◆ GIVEN INFORMATION
::::::

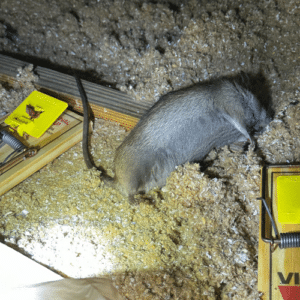 Rodent and Insect Attic Threats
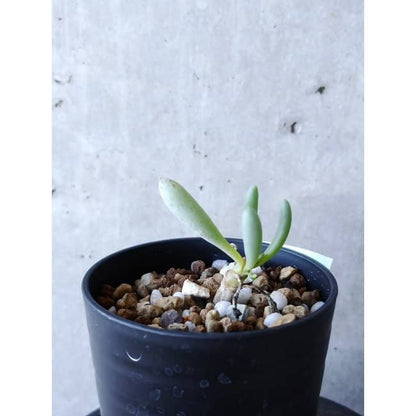 【現品限り】オトンナ・クラビフォリア f111 202112 Othonna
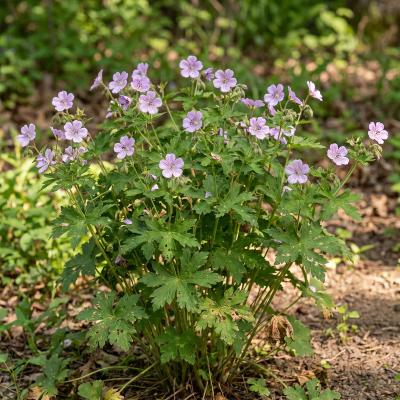 Wild Geranium (Geranium maculatum)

::::::

What is needed is an exact repetition of every line from the line with "f111 202112 Othonna" to the end of the data above, both ends included, with no pictures.

◆ EXERCISE RESPONSE
 【現品限り】オトンナ・クラビフォリア f111 202112 Othonna
 Wild Geranium (Geranium maculatum)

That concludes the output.